Caption-style text data |

+++

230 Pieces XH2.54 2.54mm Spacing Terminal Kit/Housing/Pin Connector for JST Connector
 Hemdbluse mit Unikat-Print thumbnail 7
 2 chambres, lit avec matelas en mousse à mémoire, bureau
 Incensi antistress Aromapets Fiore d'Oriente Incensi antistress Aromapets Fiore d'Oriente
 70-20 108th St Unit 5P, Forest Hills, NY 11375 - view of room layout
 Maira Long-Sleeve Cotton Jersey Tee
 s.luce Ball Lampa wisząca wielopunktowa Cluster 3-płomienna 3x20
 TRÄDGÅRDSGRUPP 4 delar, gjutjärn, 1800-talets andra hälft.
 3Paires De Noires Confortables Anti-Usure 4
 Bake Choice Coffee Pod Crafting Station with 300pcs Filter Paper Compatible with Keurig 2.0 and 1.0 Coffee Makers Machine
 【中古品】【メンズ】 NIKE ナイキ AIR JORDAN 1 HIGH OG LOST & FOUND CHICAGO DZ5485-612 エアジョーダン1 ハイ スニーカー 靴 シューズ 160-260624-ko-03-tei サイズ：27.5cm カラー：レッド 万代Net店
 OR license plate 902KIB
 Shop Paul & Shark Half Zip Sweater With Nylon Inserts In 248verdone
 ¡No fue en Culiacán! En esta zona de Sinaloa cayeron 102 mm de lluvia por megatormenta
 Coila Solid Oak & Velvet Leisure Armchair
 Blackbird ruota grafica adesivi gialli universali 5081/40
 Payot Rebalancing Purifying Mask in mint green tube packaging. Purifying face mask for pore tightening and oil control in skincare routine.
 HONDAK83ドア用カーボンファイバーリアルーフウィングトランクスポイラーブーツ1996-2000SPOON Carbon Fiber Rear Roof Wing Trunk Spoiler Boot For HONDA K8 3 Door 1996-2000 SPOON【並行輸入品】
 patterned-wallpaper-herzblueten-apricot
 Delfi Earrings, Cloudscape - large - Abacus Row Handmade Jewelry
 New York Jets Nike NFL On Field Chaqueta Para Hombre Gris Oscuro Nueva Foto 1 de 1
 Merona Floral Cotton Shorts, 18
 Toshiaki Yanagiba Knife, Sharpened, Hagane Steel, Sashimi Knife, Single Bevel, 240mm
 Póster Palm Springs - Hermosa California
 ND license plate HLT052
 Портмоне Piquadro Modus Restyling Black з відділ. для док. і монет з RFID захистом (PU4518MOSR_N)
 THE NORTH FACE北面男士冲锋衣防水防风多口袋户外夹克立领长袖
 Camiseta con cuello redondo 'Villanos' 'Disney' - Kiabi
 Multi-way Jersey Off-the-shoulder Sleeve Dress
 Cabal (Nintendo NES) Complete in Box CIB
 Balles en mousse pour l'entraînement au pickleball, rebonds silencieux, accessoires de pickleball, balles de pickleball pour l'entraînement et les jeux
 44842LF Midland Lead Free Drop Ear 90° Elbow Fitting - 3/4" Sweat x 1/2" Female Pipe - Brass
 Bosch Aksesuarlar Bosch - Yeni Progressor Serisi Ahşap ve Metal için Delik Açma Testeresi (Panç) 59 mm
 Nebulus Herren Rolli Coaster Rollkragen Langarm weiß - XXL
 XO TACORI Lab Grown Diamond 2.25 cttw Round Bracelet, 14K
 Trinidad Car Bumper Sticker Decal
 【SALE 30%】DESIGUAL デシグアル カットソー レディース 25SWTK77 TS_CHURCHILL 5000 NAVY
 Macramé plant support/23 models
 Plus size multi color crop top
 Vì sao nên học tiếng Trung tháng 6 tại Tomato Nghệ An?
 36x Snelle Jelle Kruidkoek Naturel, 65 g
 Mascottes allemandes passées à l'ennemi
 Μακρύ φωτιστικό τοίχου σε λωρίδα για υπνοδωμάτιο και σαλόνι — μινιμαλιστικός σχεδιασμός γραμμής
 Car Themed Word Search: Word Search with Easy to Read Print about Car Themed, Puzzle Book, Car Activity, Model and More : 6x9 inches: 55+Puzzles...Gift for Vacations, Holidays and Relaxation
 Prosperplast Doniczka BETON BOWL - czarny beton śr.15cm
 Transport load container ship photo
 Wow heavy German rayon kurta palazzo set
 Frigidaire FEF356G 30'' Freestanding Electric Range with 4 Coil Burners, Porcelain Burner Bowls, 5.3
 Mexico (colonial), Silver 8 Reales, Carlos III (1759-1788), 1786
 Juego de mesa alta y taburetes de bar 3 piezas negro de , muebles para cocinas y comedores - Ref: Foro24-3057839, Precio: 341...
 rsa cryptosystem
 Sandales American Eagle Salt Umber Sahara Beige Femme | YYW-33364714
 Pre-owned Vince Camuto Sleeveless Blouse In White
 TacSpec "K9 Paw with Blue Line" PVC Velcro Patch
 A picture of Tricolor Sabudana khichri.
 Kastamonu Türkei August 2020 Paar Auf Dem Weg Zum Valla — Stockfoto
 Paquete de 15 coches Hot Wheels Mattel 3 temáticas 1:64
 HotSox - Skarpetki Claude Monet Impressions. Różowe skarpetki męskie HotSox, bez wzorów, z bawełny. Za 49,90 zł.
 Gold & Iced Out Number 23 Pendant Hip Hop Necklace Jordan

+++

Problem requirements | What you give back must be the stretch above, starting at the line with "Merona Floral Cotton Shorts, 18" and ending at the line with "THE NORTH FACE北面男士冲锋衣防水防风多口袋户外夹克立领长袖", copied exactly.

Answer box |
 Merona Floral Cotton Shorts, 18
 Toshiaki Yanagiba Knife, Sharpened, Hagane Steel, Sashimi Knife, Single Bevel, 240mm
 Póster Palm Springs - Hermosa California
 ND license plate HLT052
 Портмоне Piquadro Modus Restyling Black з відділ. для док. і монет з RFID захистом (PU4518MOSR_N)
 THE NORTH FACE北面男士冲锋衣防水防风多口袋户外夹克立领长袖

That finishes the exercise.